When I go to the numerous stores in CarlMarksGuyopolis which sell Super Nintendo games, I usually have a pretty good idea of what each game is. Space Shooters and Platformers get a big ol' pass, because that's not what I'm about these days. On the other hand, I'd buy any Beat-em-Up out there that I don't have, so I keep a sharp eye out for either of them.
However there's some games that I'm only vaguely familiar with -- I've read their names on the internet and remember enough about them to know they weren't exactly a space shooter, platformer, or traditional sports game...and if they're in the $5 price range, I'll often roll the dice and pick 'em up.
That's how I came to be in possession of...
Super Buster Bros.
What is it about, you say?
Well, if the North American cover art was to be believed...'d be a M.C. Kids-style buddy movie, where a pair of cool cats run around having wacky adventures in a corporate-sponsor-friendly environment. Ok, so McDonalds isn't bankrolling THIS game, but I'm pretty sure the pudgy white kid is wearing pump-up sneakers, so you know Nike could be in on a piece of the action!
However there's nothing to worry about -- this is just a case of the North American regionalization team altering the Japanese cover art.
Let's discuss what each version of the cover art portrays:
  1. The Japanese version shows us goofy kids with bright primary color baseball caps firing bizarre grappling hook guns at cartoonish spheres, while disturbing Anime-style animals flit by.
  2. While the American cover art features a pair of Radical dudes with Bodaciously-backwards baseball caps, Fashion-Accessorized outfits in Designer Colors, wearing Pump-Up Sneakers whilst firing Bad-Ass Looking Laser Weapons at some unseen menace just off-screen.
I wonder which is more accurate to the game's content? Well, keep a sharp eye out as we go on, and you may be able to figure out the answer!
So, what is this game about?
In Super Buster Bros, you play as a dorky kid (with no sun glasses, pump-up sneakers or bad-ass laser weapons) who fires bizarre grappling hook guns at cartoonish spheres, and are occasionally pestered by disturbing Anime-style animals that flit by. Let's take a look at some representative pictures:
As you can see from the pictures above, there are bouncing things; they drop from some height and have bounce around according to the game's pretty straight-forwards gravity, ricocheting off walls and floors. The only odd thing about the gravity is that they tend to keep most (all?) of their momentum with each bounce; but that's probably for the best: otherwise after a while they'd be rolling along the ground and you wouldn't be able to shoot them.
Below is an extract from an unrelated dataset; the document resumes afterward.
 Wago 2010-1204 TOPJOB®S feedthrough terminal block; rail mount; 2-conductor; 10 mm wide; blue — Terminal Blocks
Speaking of shooting, you can fire your hook-and-rope contraption straight up in the air. If a tiny ball hits the hook, OR the rope it trails behind it, the tiny ball will be destroyed.
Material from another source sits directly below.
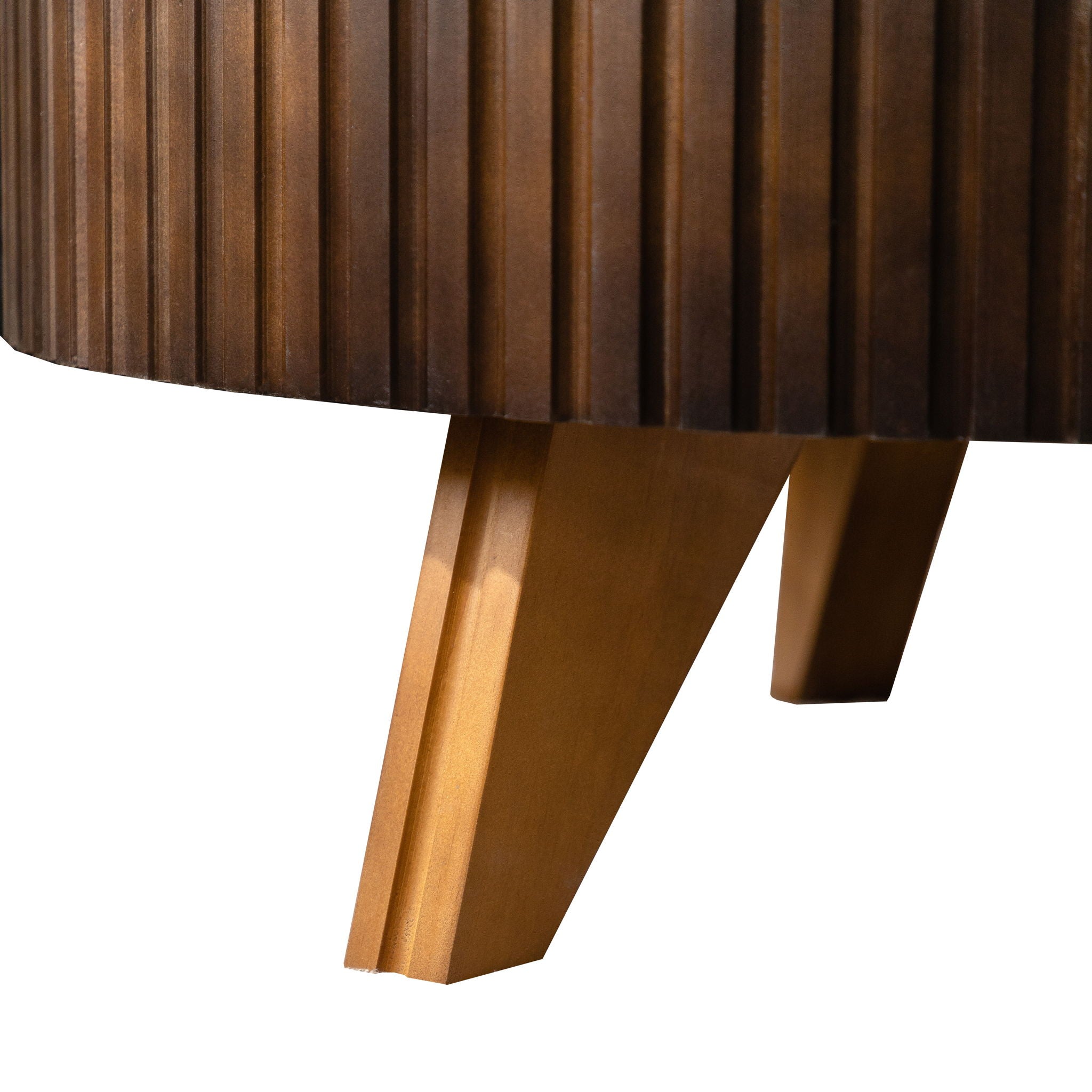 Round Retro Coffee With Solid Wood Legs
When you hit bigger spheres, they split into two smaller spheres, and so on and so forth until they've split into tiny spheres, which of course are destroyed when you shoot them.
Though there are two different game modes you can select from...
Tour Mode is pretty much "the normal game levels", while Panic Mode is more of a "have more and more spheres dumped on you on a featureless screen until you lose". As such, we'll pretty much stick to talking about Tour mode from here on out.
In Tour Mode, you play the role of "Boy in a Blue Backwards Baseball Cap, who runs around with a device which shoots an infinite number of grappling hooks skywards." Your goal in life is to travel to every country in the world* and destroy all of their beachballs or balloons or whatever.
*: or at least the 15 countries acknowledged by the Super Buster Bros. World Tour Committee. Actually, since one of the countries is called "The Silk Road", it's quite possible that these are just random regions rather than actual countries.
Dude, the Holy Roman Empire was a really long time ago, I think you can say 'Germany' without quotes by now.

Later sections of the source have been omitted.